Study will be a major emphasis, he said.

"Because the name of the synagogue means Friends of the Study of the Mishnah, we thought it appropriate to design a Mishnah study program under which visitors would be given the opportunity to respond to Auschwitz in both a defiant and affirmative way," he said. "By doing what Jews did in the synagogue before the Holocaust and studying a Mishnah, visitors could make the statement that Jewish learning continues."

The synagogue, a small, compact building with arched windows, was built around 1900 and — as one of about a dozen prewar synagogues in Oswiecim — was used until 1939.

The Nazis brought thousands of Jews to the synagogue before they deported them to ghettos in 1941. After World War II, the communists seized the synagogue, which was used for decades as a warehouse, most recently a carpet warehouse.

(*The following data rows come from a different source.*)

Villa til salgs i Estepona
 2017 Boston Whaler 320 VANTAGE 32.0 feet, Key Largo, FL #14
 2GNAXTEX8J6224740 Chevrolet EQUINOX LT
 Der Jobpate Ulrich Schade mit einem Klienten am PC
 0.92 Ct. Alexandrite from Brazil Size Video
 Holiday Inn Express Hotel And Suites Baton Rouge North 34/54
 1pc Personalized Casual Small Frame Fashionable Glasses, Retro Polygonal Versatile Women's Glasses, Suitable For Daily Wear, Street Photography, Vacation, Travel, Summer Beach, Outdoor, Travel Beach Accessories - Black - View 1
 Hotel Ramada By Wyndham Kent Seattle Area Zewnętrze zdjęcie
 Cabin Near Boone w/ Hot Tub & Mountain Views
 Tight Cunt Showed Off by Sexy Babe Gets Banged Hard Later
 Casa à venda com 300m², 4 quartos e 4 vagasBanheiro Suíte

In March 1998, it became the first building returned to the Jewish community under Poland's restitution law.

Local Polish Jews have welcomed the Auschwitz Center project.

"Everybody, from the Polish government to the U.S. ambassador, to Polish Jews to the Polish church, is happy that it is possible to do something constructive at Auschwitz," said Stanislaw Krajewski, a local Jewish leader and Warsaw consultant for the American Jewish Committee.